Resource-level locking replaces global locks. When you modify twelve resources, you lock those twelve and their dependents. Other engineers working on unrelated resources proceed in parallel. Lock granularity matches the dependency structure.
Subgraph isolation replaces full-state operations. Plans compute the affected subgraph based on configuration changes, then read and refresh only those resources. A change to application configuration doesn't refresh networking infrastructure.
MVCC semantics allow concurrent reads. Plans operate on consistent snapshots of the subgraph, while applies acquire write locks on modified resources. Multiple engineers can plan simultaneously without blocking.
This isn't theoretical. Stategraph implements this model with PostgreSQL. State lives as versioned rows with explicit foreign keys representing dependencies. Each resource has an optimistic lock version. Applies acquire row-level locks on the affected subgraph. Concurrent operations on disjoint subgraphs succeed. The database enforces consistency guarantees that file systems can't provide.
Same 2,847 resources. Same infrastructure. Different storage. Plans that took thirty minutes take two seconds. Teams that blocked each other work in parallel. No fragmentation. No coordination overhead. No manual dependency tracking.
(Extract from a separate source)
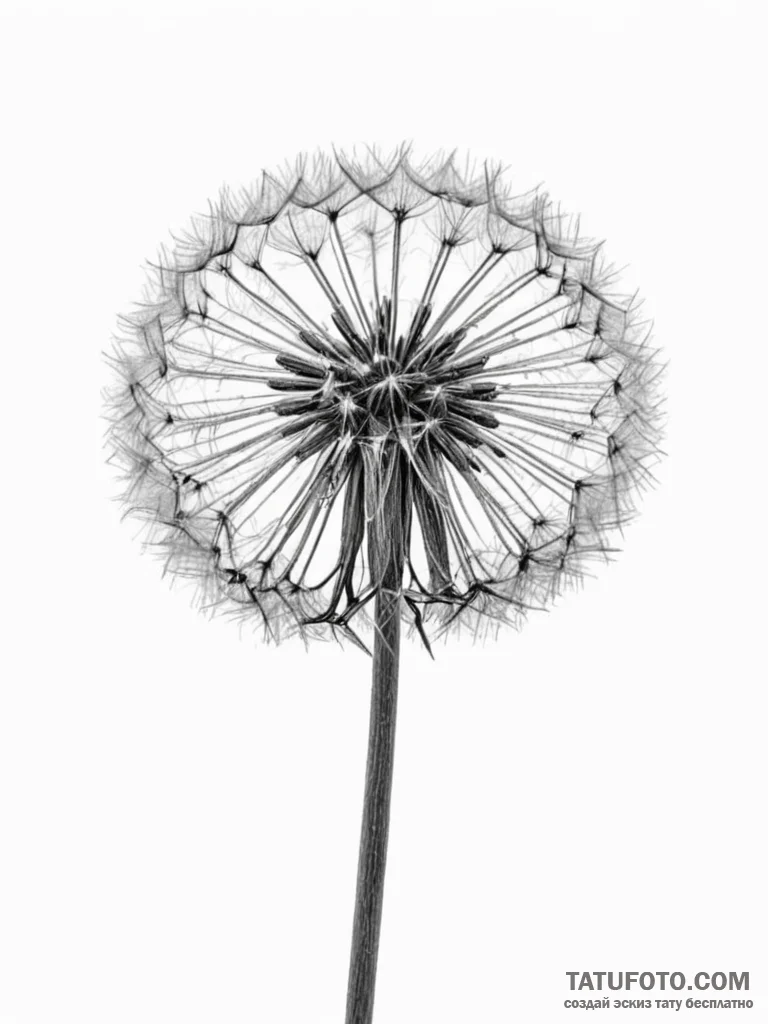A detailed macro shot of a dandelion seed hea... - эскиз тату (№1751186826_0, 29.06.2025 08:47) — Tatufoto.com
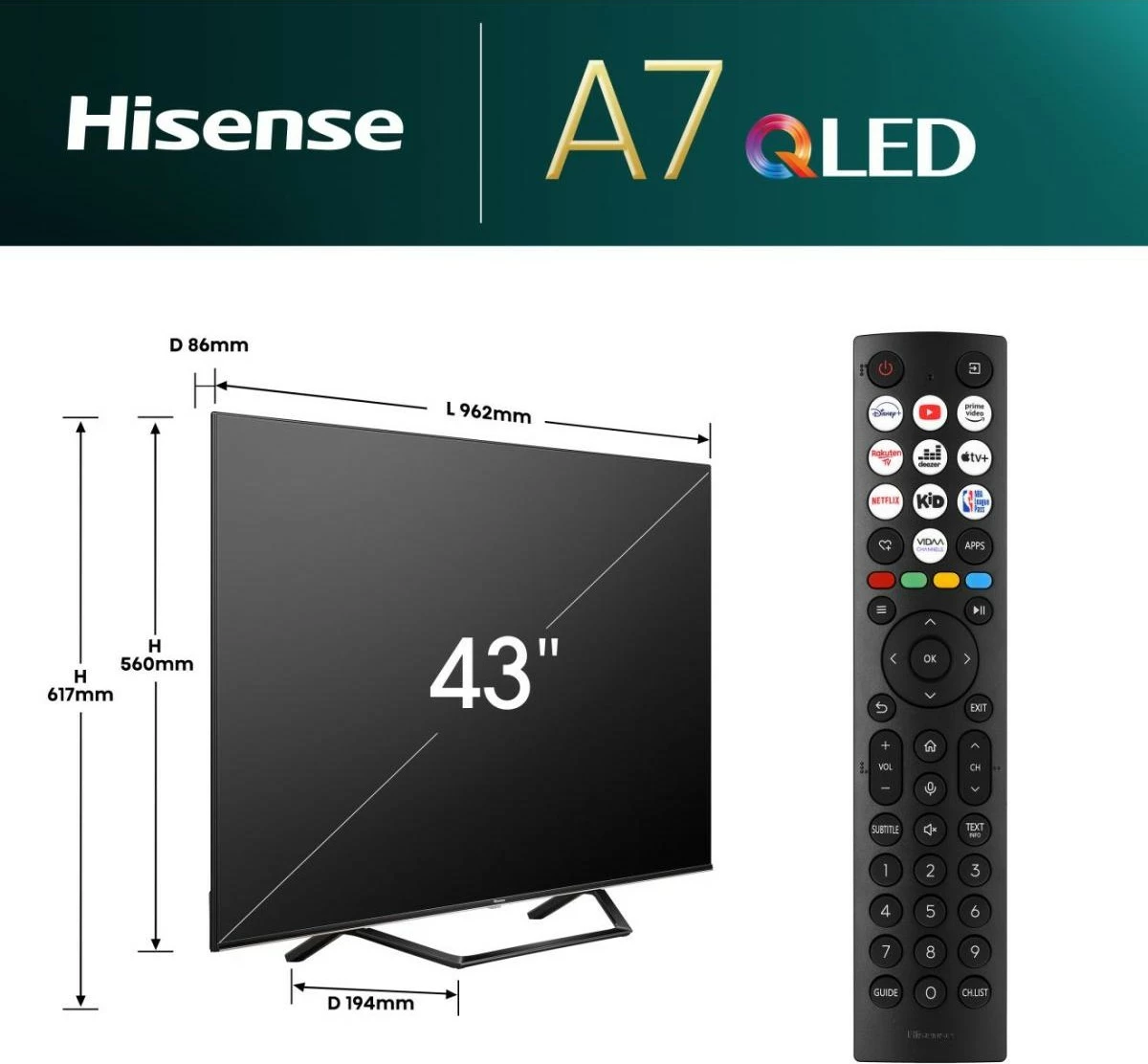 QLED TV Hisense 43A7NQ, 43 inç, 4K, Smart TV, gri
Stop accepting broken primitives
The Terraform ecosystem has normalized dysfunction. We treat thirty-minute plans as inevitable. We accept that concurrent work requires splitting state. We build wrapper tools like Terragrunt to work around limitations that shouldn't exist. We teach state fragmentation as a best practice. Masterpoint's article is well-intentioned, and their recommendations work within the constraints of today's tooling. That's the problem. We shouldn't have these constraints.
Infrastructure wants to be modular at the code level and monolithic at the state level. Your Terraform modules should have clear boundaries. Your state storage should reflect the actual dependency graph without artificial partitioning. The fact that we're even having this conversation, that we're debating how to split state files to make tools faster, is an indictment of the tooling, not the architecture.
State fragmentation isn't a solution. It's capitulation. It's saying "the tool's limitations matter more than our infrastructure's natural structure, so we'll contort our infrastructure to appease the tool." This is exactly backwards.
The Terralith was always correct. It's time we built storage that matches it.